--- Data for processing Enclosed Below ---

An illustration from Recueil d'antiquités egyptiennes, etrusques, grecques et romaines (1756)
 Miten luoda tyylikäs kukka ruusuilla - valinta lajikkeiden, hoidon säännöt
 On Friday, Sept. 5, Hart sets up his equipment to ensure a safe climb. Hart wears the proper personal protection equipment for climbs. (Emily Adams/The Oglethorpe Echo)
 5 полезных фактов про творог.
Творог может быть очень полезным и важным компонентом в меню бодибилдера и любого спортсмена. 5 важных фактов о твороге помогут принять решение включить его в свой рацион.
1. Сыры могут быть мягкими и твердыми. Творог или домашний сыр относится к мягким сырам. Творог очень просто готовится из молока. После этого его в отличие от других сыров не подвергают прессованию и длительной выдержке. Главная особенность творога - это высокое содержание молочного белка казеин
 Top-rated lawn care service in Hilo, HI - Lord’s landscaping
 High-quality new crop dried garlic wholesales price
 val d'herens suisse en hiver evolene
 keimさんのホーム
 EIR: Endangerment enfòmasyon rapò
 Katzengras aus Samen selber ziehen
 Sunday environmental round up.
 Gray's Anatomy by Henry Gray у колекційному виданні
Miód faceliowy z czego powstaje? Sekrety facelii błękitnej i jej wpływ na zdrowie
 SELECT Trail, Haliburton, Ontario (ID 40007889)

--- End of Enclosed Data for processing ---

*Task description:* Include both ends. Return the line holding "High-quality new crop" and all lines after it in the records above, exactly as written.

*Written reply:*
 High-quality new crop dried garlic wholesales price
 val d'herens suisse en hiver evolene
 keimさんのホーム
 EIR: Endangerment enfòmasyon rapò
 Katzengras aus Samen selber ziehen
 Sunday environmental round up.
 Gray's Anatomy by Henry Gray у колекційному виданні
Miód faceliowy z czego powstaje? Sekrety facelii błękitnej i jej wpływ na zdrowie
 SELECT Trail, Haliburton, Ontario (ID 40007889)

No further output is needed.